Some seismic things have also shifted in my life recently, necessitating going through old papers and books to get rid of as much as I can. Among old essays and scrapbooks, I found a curious piece of writing which seems to answer some of my questions. It was written on a sheet of A4 in October 2007 when I was 20, and I have no memory of ever thinking (let alone writing) its contents. Its discovery suggests something else of its title. It reminds me of a line from the Isa Upanishad that has been a heartening discovery. ‘Who sees all beings in his own self and his own self in all beings, loses all fear.’

Notes toward “A million different yous” (06.10.07)

Looking into the mirror – the image, Narcissus, my image. Sometimes you can look at the image and the reflection is not the same as that character called ‘me myself’ with his/her (most properly androgynous) interior dialogues streaming inside our heads. This is getting ‘lost inside our heads’, perhaps the most accurate description for what we usually call our migraines, depressions, blanks, fugues…

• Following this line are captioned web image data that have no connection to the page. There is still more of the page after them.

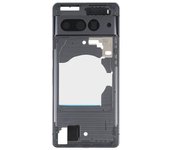 Pieza De Repuesto Del Marco Central Para Google Pixel 7 Pro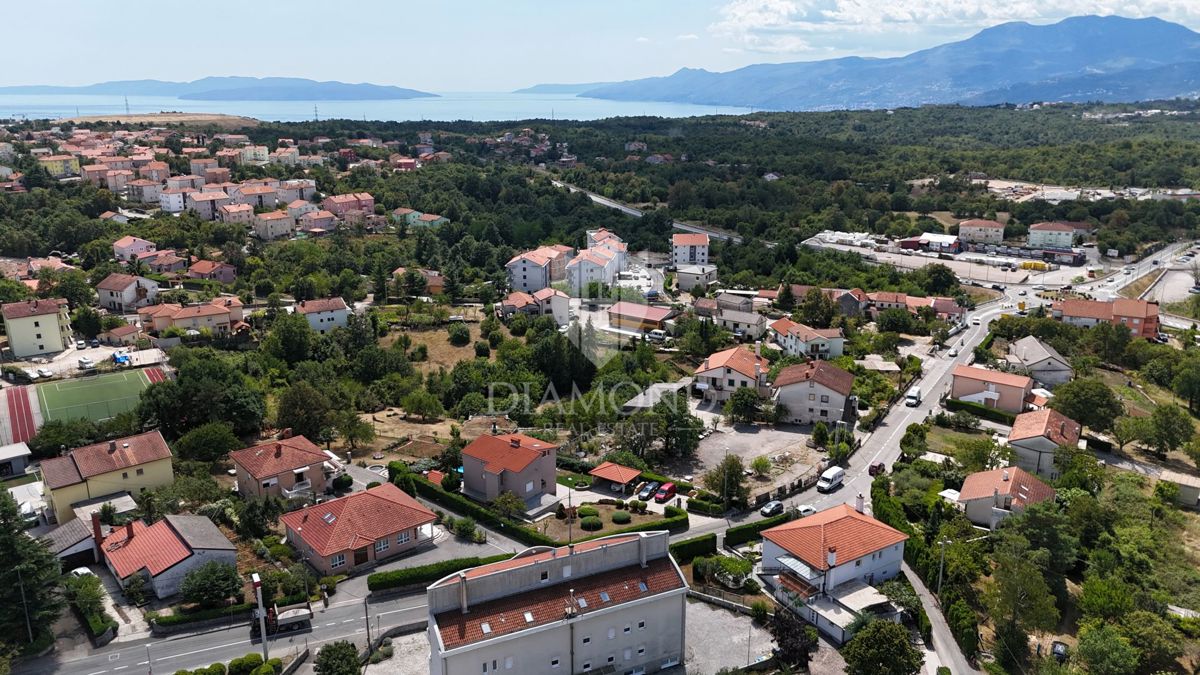 VIŠKOVO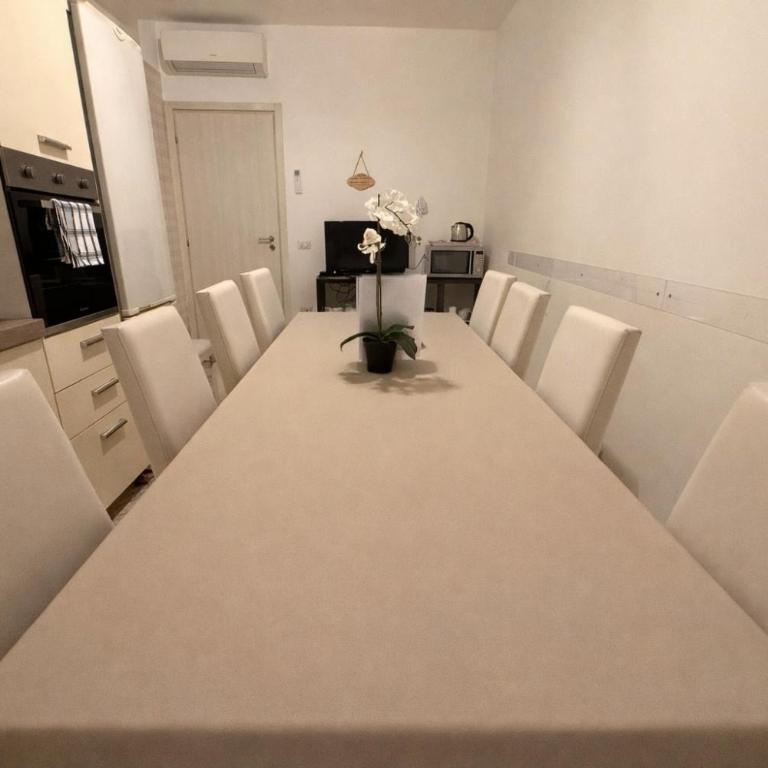 Apartment Sant'Antonio - Appartamento con 3 Camere da Letto - 57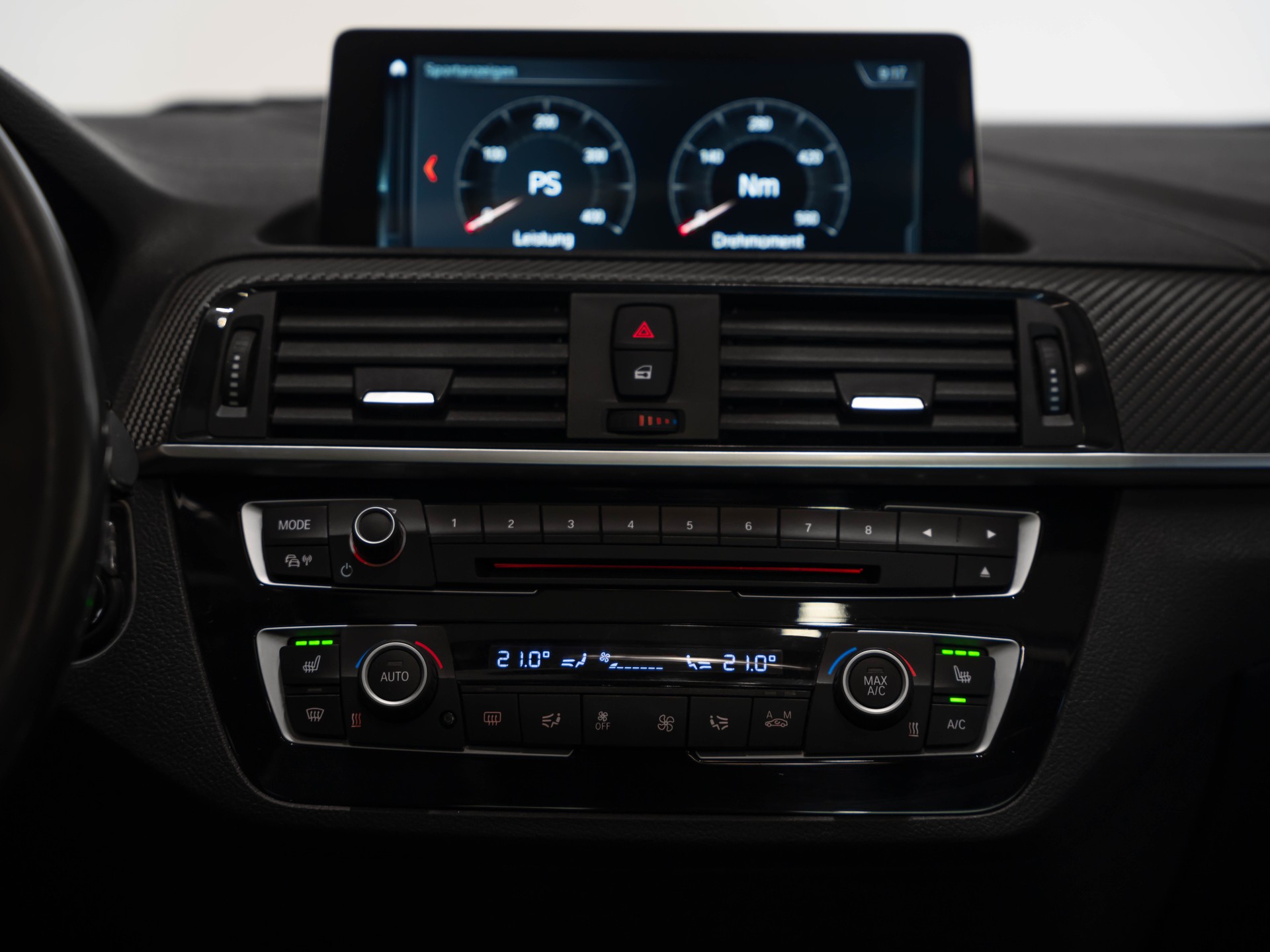 BMW M2 Drivelogic-image-32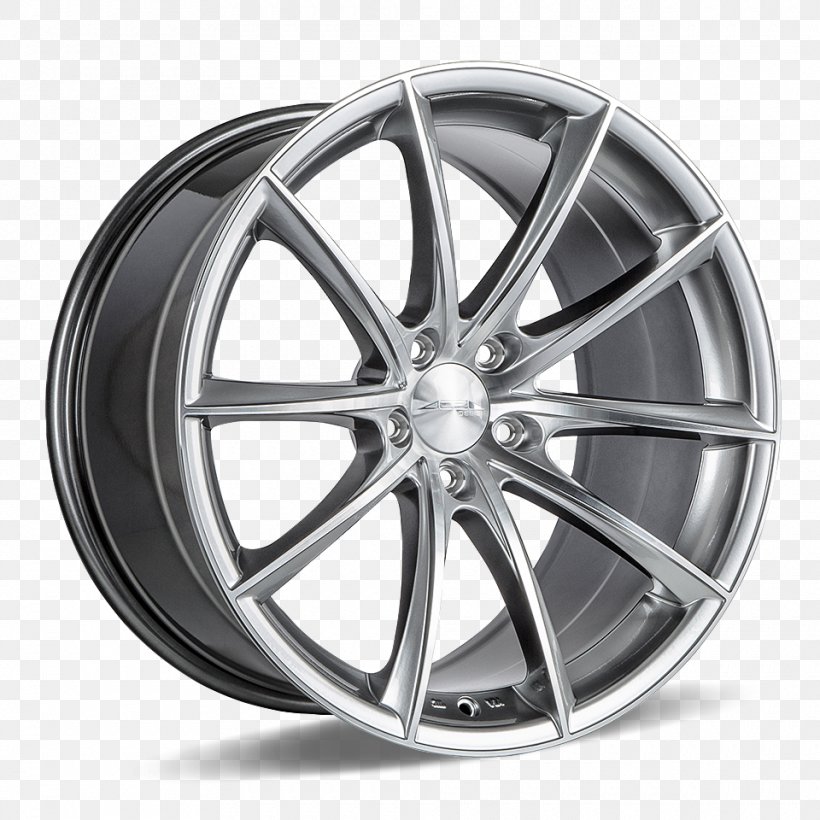Car Ace Alloy Wheel Rim, PNG, 960x960px, Car, Ace Alloy Wheel, Alloy, Alloy Wheel, Aluminium Download Free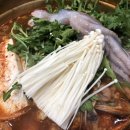 동아리 동태찜탕 이미지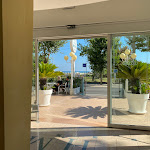 Photo n°4 de l'avis de Reylan. fait le 21/02/2021 à 19:37 sur le  Hotel Meeting à Riccione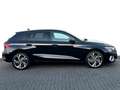 Audi A3 Sportback 40 TFSI e sport /LED/ACC/1.HAND/ Zwart - thumbnail 4
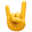 1f918_76da94803ad73f79b2eb56f48bf41835deb91eeb.png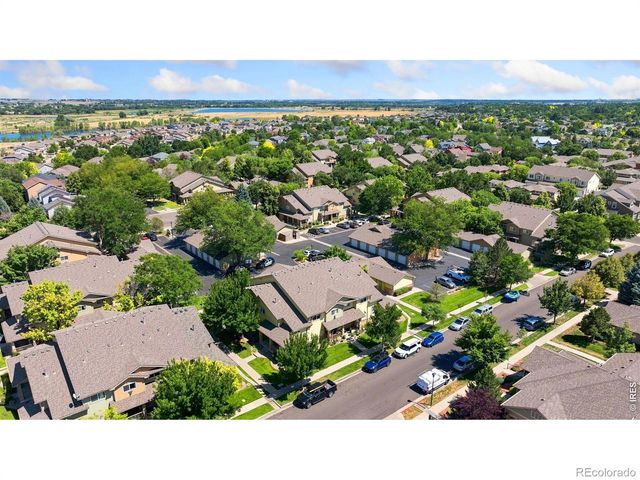2621 Rigden Parkway E1, Fort Collins, CO 80525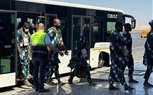 إيركايرو تطلق خطة استراتيجية لتحويل مطار الغردقة إلى مركز محوري عالمي للربط بين أفريقيا وأوروبا وتعزيز حركة الترانزيت
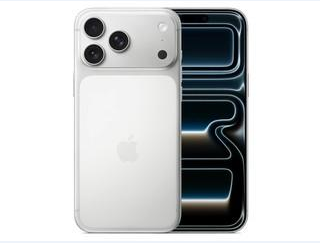 八步苹果维修点分享iPhone 17 Pro Max屏幕更换时的安全隐患 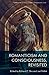 Romanticism and Consciousness, Revisited (Edinburgh Critical Studies in Romanticism)
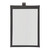 Battery For Tcl 50 Nxtpaper By - Maxbhi Com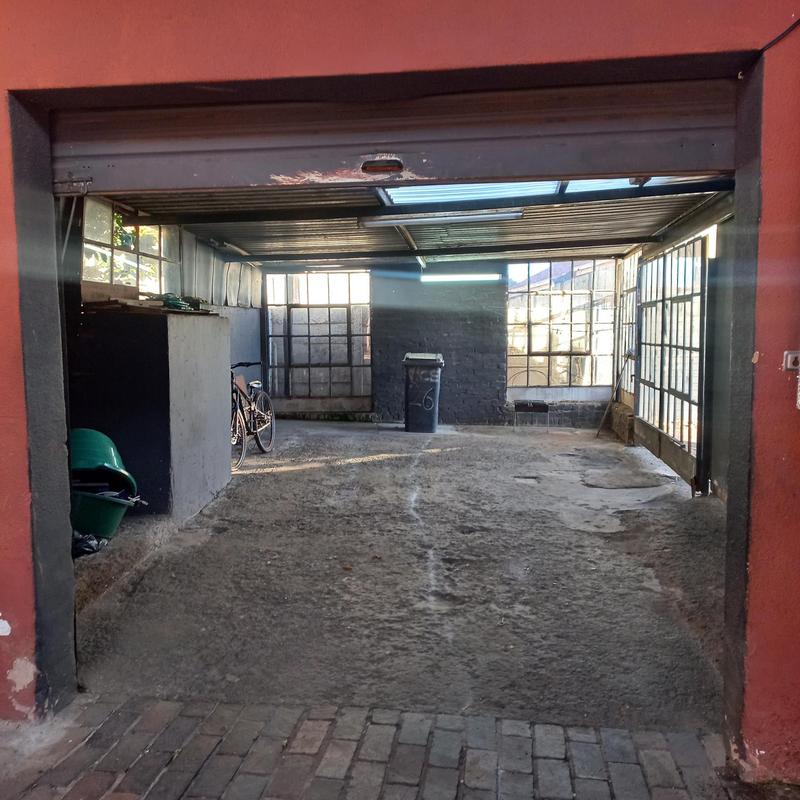 3 Bedroom Property for Sale in Ennerdale Gauteng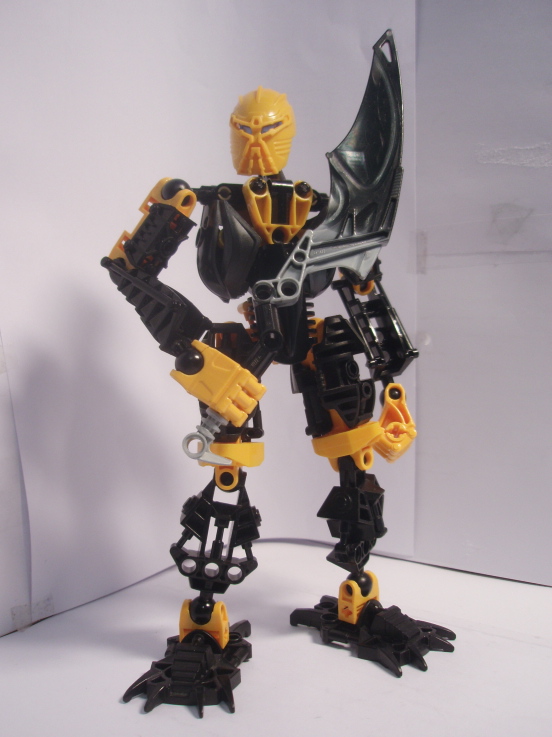 jake1.jpg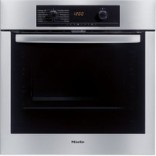 Fours Miele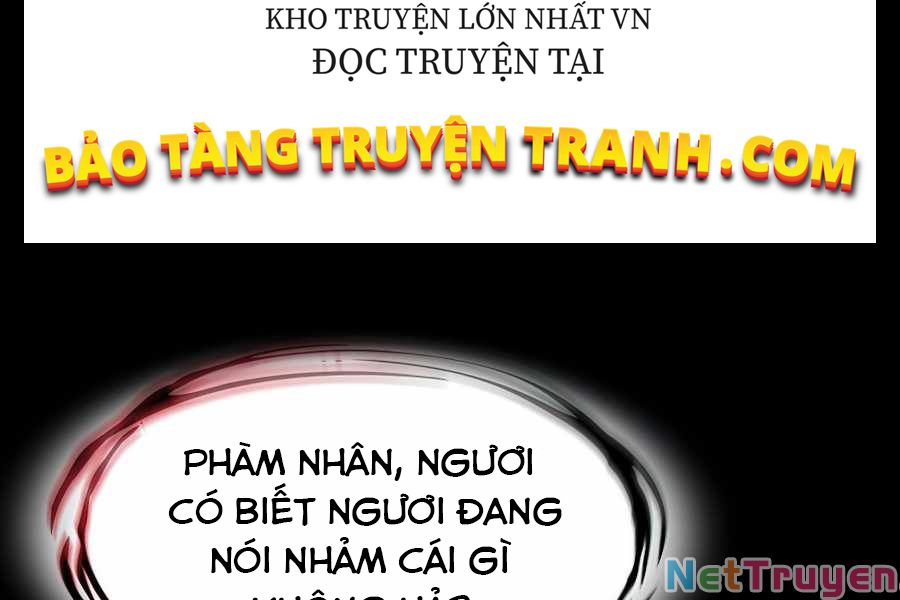 Người Chơi Trở Về Từ Địa Ngục Chap 44 - Next Chap 45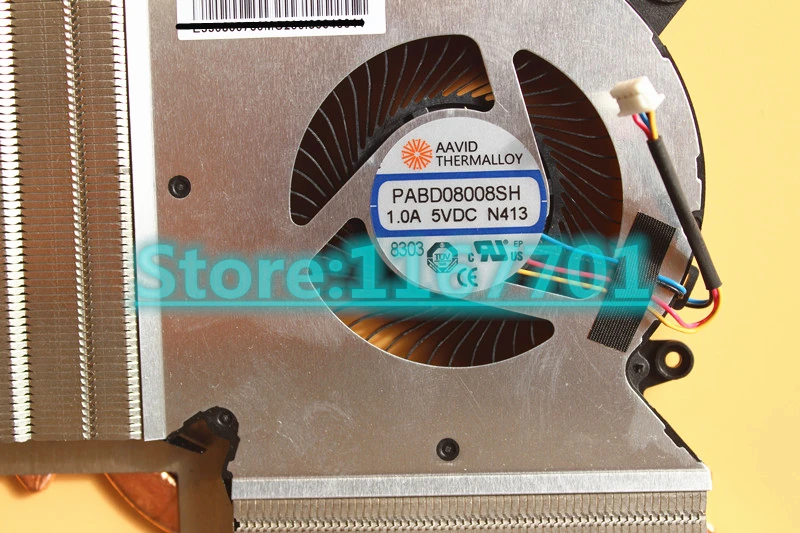 MSI GF63 8RD 8RC MS-16R1 16R2 PABD08008SH-N413 _3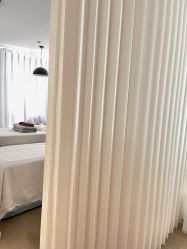 -姜美堂·蒸姜除湿の纤体美颜馆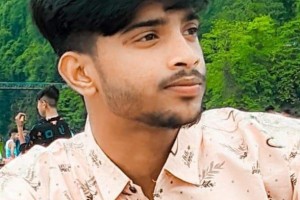 শৈলকূপায় চাচাকে হত্যা’কা’ন্ডে”র ঘটনায় এক ভাতিজা গ্রেপ্তার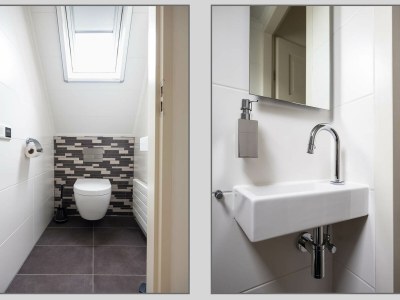 Holiday house Sunshine - Features photo 24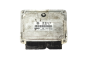 Controller 038906012HP 0281011320 Seat VW Bosch 23844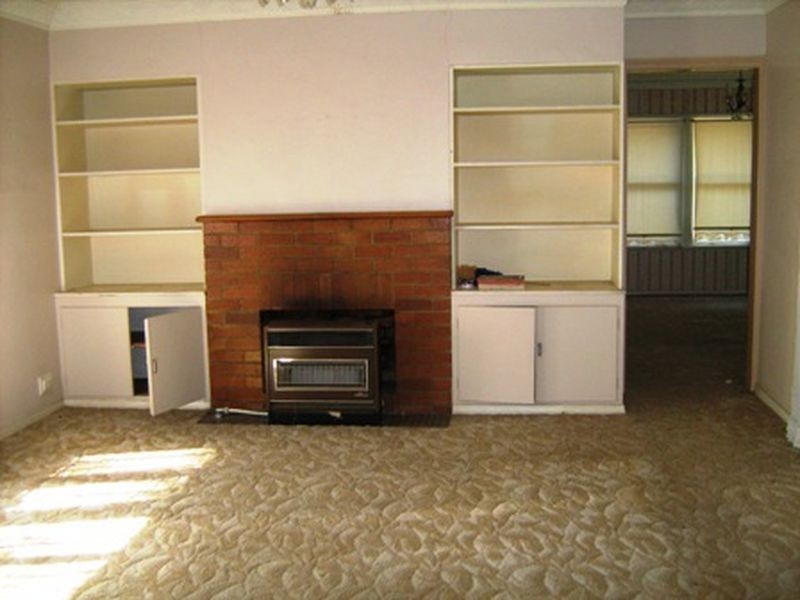 Mount Gravatt East QLD 4122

A million different yous. There is, it’s true. A million different persons we could’ve been, and could be. It’s an observation that’s probably been made before, with the revolutionary potential of such a bold – and constant, as constant as living and breathing can be – project of personal self-fashioning, or continual becoming. ‘Man is condemned to be free’, Sartre says, and elsewhere, ‘Man simply is’. But these bloodily-earnt facts are not convincing enough to us, those of us who live their lives and their thoughts in complete non-rationality, spontaneity and impulse, or habit and repetition – both the same. We can’t finish, let alone begin, the project of creating happy brand new lives. One is never free to make a choice if one is unaware of its possibility, or conditioned not to ask.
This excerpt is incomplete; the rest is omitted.